It's that time of year again when we have to assess how the current year has gone and start to plan and budget for the next one.
It never fails to surprise me that each year a number of events happen which I had not anticipated.
This year has been better for us than expected. Sales are 35 per cent higher than in 1996. A significant part of our increase in turnover has come from management fees and renewals.
Admittedly, concentrating on building the renewal income has always been a main thrust of ours. However, we have tried to do this without forfeiting too much of the initial commission.
I believe we are in a transitional phase in the area of commission, giving us an opportunity to take both front-end and back-end payments. However, this won't last and
I think we will see a greater move away from high initial commission towards a greater emphasis on back-end, fund-related payments.

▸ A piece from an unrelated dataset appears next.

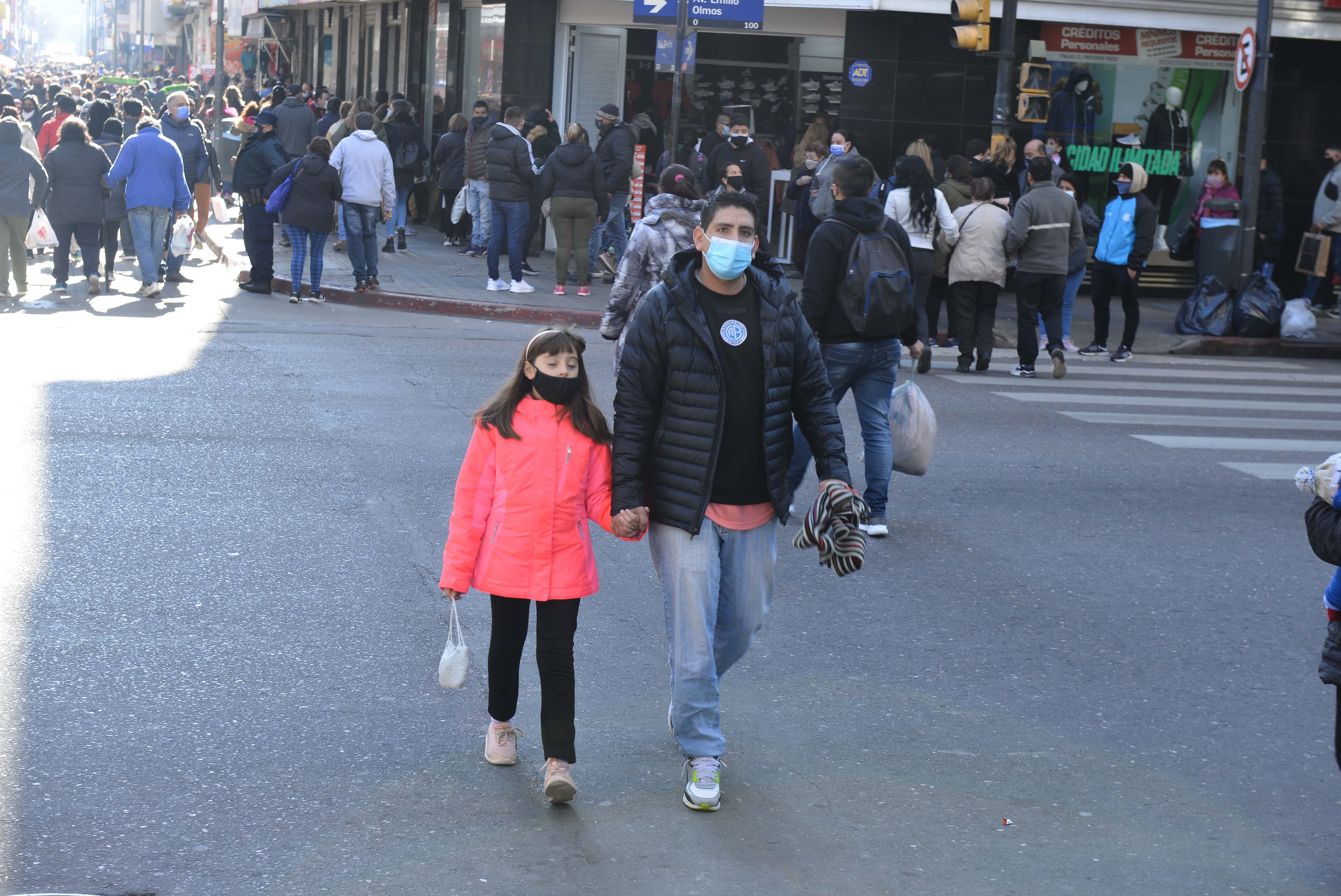 Las penosas cifras de las ventas por el Día del Padre repuntarían tras la jornada del sábado. (José Hernández).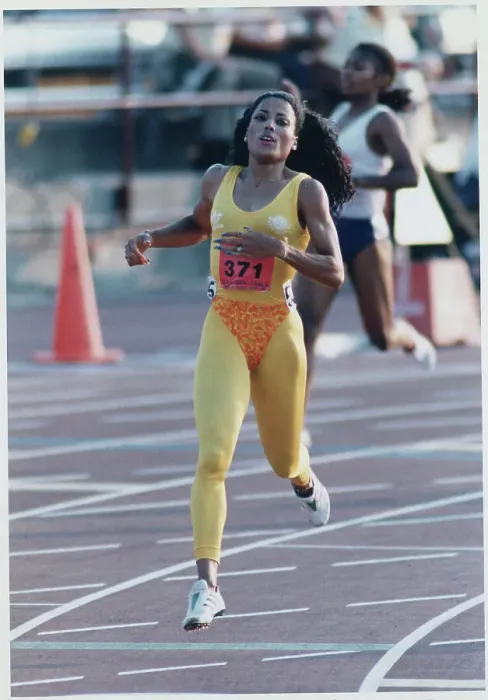 Framed Print : Florence Griffith-Joyner Framed Print : Florence Griffith-Joyner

We will therefore continue to concentrate on building renewal commission so the business withstands any upfront reductions.
At Kelland & Partners, we continue to share all our fund-based commission with our advisers, just as they will share the problem of any reduction in front-end commission.
By sharing in this way, we retain a very high percentage of advisers and also attract those who want to build real long-term career prospects without having the continual worry of where their income is coming from.
Another reason for the increase in turnover is our commitment to provide leads. It is pointless going through the pain of recruiting people if you cannot satisfy their requirements after they have joined.
I think we often underestimate the real costs of recruiting and, because sales and marketing work on different agendas, this results in serious miscalculation when trying to build a team of advisers.
We also provide good quality back-up both in technology and PA support, which will become essential if firms are to prosper.
On the downside, I had not totally appreciated or anticipated the time and cost that we would incur on compliance and training. Even pension reviews have taken a bite.
We have been on a steep learning curve and both our admin support staff and advisers have had to step up another gear in order to satisfy the strict guidelines that we now all work within.
I hope that the controls we now have in place will guide us through next year and that some of the costs that we have incurred this year will not have to be repeated.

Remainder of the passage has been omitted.